The Muscle Shoals Rhythm Section, also known as the Swampers, is a group of American studio musicians playing soul, R&B, rock and roll and country, based in the city of Muscle Shoals, Alabama. They have appeared on more than 500 recordings, including 75 gold and platinum hits. Originally the house band at Rick Hall's FAME Studios, the group went on to found their own competing business, the famed Muscle Shoals Sound Studios. The group was inducted into the Nashville-based Musicians Hall of Fame in 2008 and into the Alabama Music Hall of Fame in 1995, "as four of the finest studio musicians in the world", also receiving the Lifework Award in 2008.
The nickname "The Swampers" was given to the group by the music producer Denny Cordell during recording sessions for Leon Russell because of their "funky, soulful Southern “swamp” sound". They are referred to as "The Swampers" in the lyrics of "Sweet Home Alabama" (1974) by Lynyrd Skynyrd and appear on the cover of Cher's 1969 album 3614 Jackson Highway.
Affectionately called The Swampers, but usually known as the Muscle Shoals Rhythm Section, this group was one of the best-known session musicians. Along with Rick Hall, the founder of FAME Studios they are recognized as having crafted the "Muscle Shoals sound".

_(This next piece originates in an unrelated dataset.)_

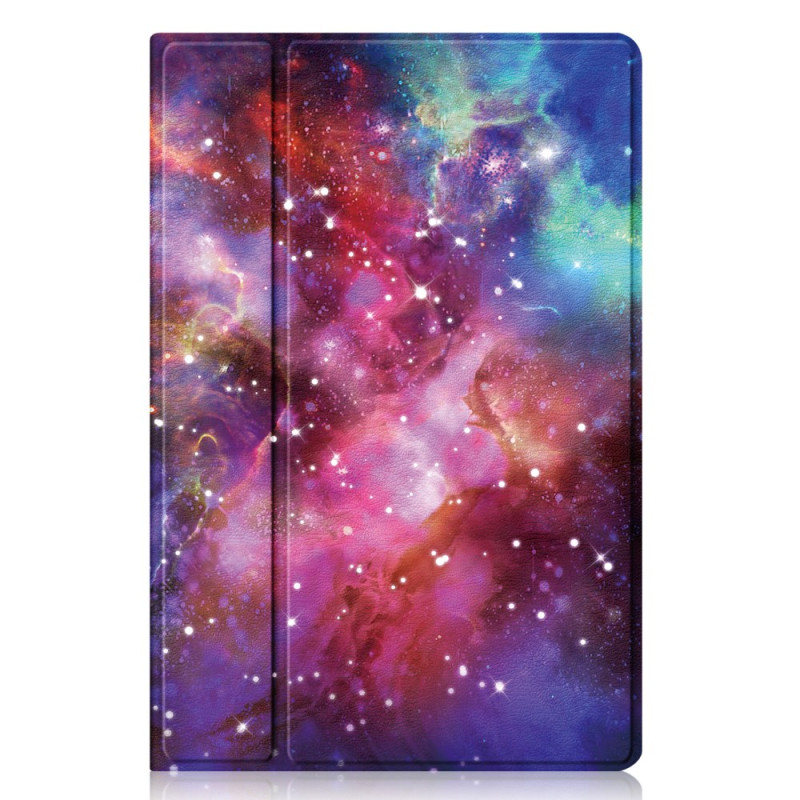 Custodia smart
 Xiaomi Pad 6 Pro supporto stilo rotante Galaxy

The four members of the rhythm section were inducted into the Alabama Music Hall of Fame in 1995 with a "Lifework Award for Non-Performing Achievement" and into the Musicians Hall of Fame and Museum in 2008 (the performers inducted into the latter were the four founding members of the Swampers—Barry Beckett (keyboards), Roger Hawkins (drums), David Hood (bass), and Jimmy Johnson (guitar)—plus Pete Carr (guitar), Spooner Oldham (organ and piano), Albert S. Lowe Jr., Clayton Ivey, Randy McCormick, and Will McFarlane.